Photo: Gustavo Fring
Photo: Gustavo Fring

New research from Cashew Research suggests return policies are influencing purchasing decisions earlier in the buying process, with nearly half of consumers hesitating to complete transactions when return shipping is not free.

The Calgary-based firm said its latest report, Data Drop: The Returns Revolt, is based on a survey of 2,000 consumers across Canada and the United States. The findings indicate that return policies are affecting conversion rates and repeat purchasing behaviour before customers reach checkout.

The report characterizes returns as a factor shaping demand and customer trust, rather than solely a post-purchase operational cost.

“CMOs are optimizing ads and checkout flows while ignoring one of the biggest trust signals in commerce,” said Addy Graves, CEO of Cashew. “Returns don’t just impact margins after the sale. They determine whether the sale happens at all.”

Addy Graves
Addy Graves

According to the survey, 47 per cent of consumers say they hesitate to purchase when return shipping is not free. The report states that this hesitation can reduce repeat purchases and long-term loyalty.

Cashew’s findings suggest return policies can influence whether a customer proceeds with a transaction, regardless of product category or price.

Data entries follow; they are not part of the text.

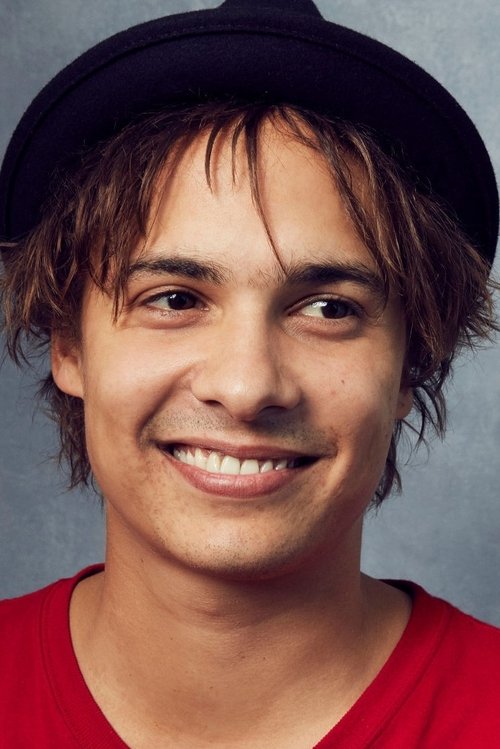 Photo of Frank Dillane
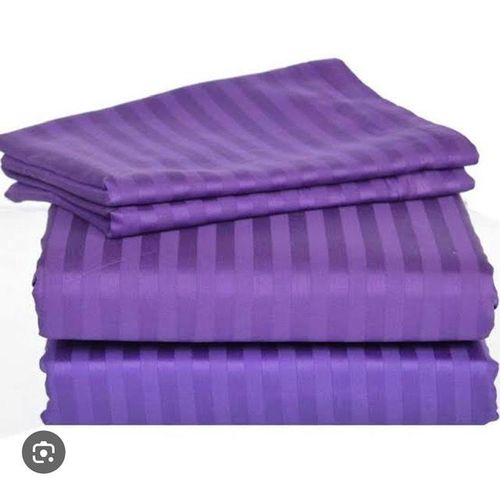 4pc Egyptian bedsheets set with 2 pillowcases 2 bedsheets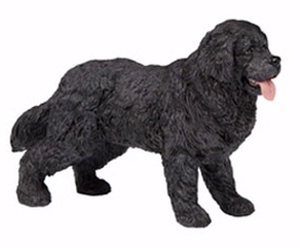 Papo Newfoundland Dog - 54018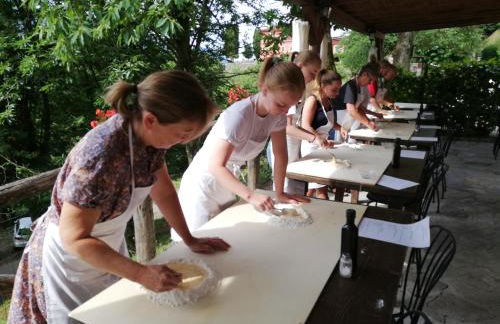 Agriturismo la Torre - Foto 19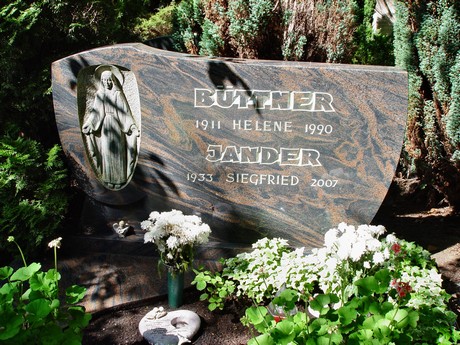 friedhof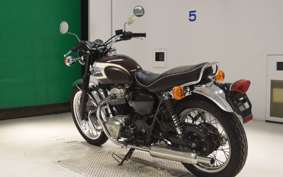 KAWASAKI W400 2011 EJ400A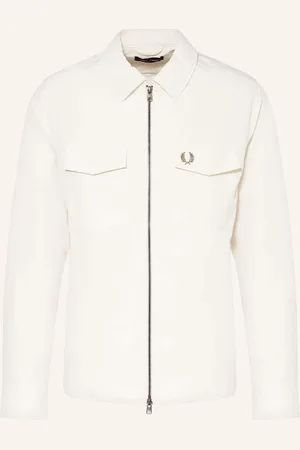 Fred Perry Bunda režná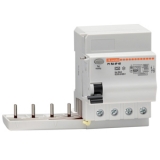 P1RA4P40A030 Дифференциальный модуль 4Р, тип А,  40 А,  30 мА preview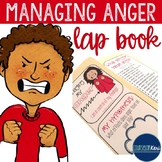 Anger Management Activities: Managing Anger Interactive La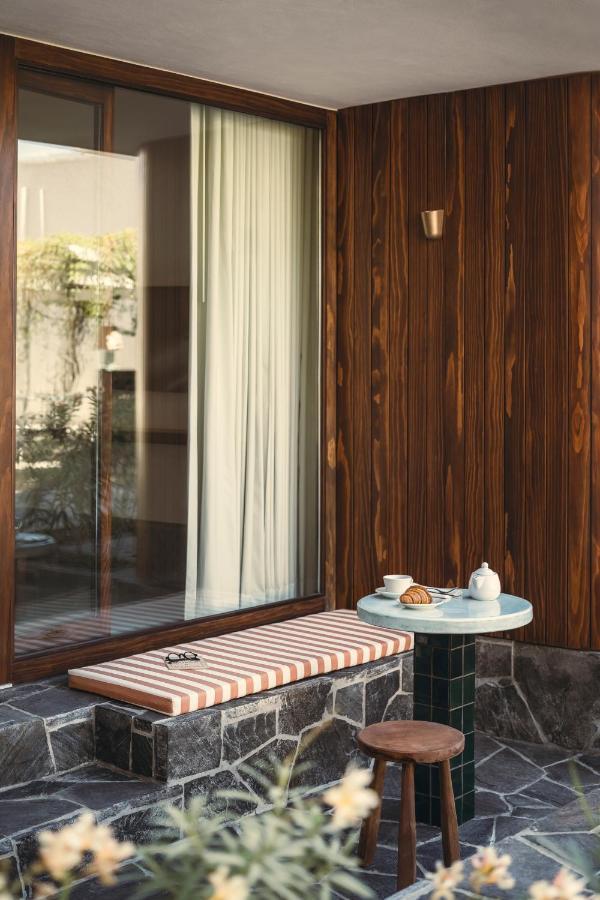 Baja Club Hotel, La Paz, Baja California Sur, A Member Of Design Hotels Buitenkant foto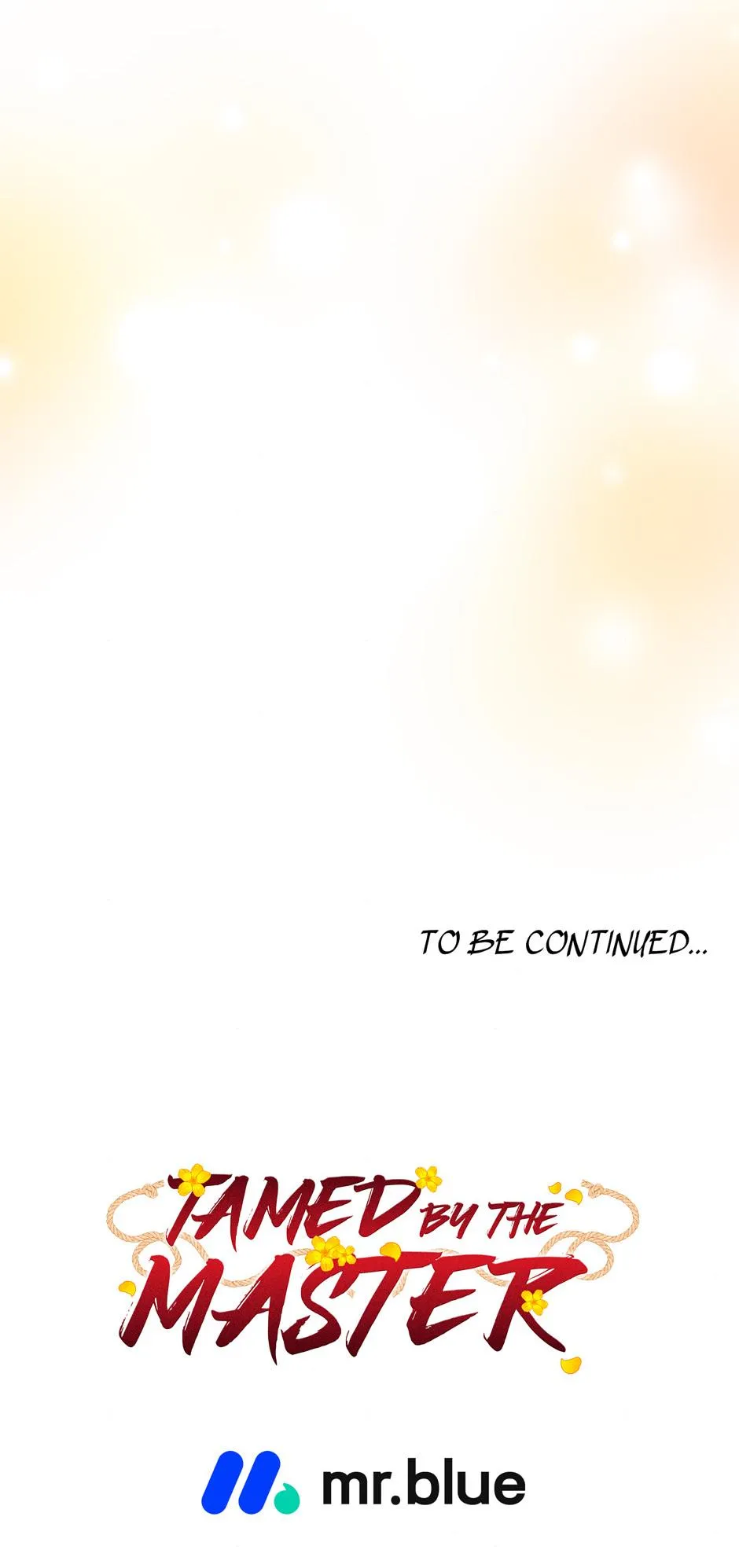 Please Tame Me, Master Chapter 2 page 64 -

The survey also found that one in four purchases fails because products do not meet expectations. In apparel specifically, 74 per cent of returns are attributed to fit.

The report indicates that static size charts and generic product visuals may no longer meet shopper expectations, with consumers seeking more detailed sizing guidance before completing purchases. More than half of respondents said they would not complete a purchase without detailed sizing visuals or guidance.

In addition, 35 per cent of shoppers reported adding items to their cart with the expectation that they would return them.

The data challenges assumptions about which demographic groups drive return rates. Cashew found that shoppers over the age of 45 account for more than half of all returns, with consumers aged 65 and older representing the largest segment.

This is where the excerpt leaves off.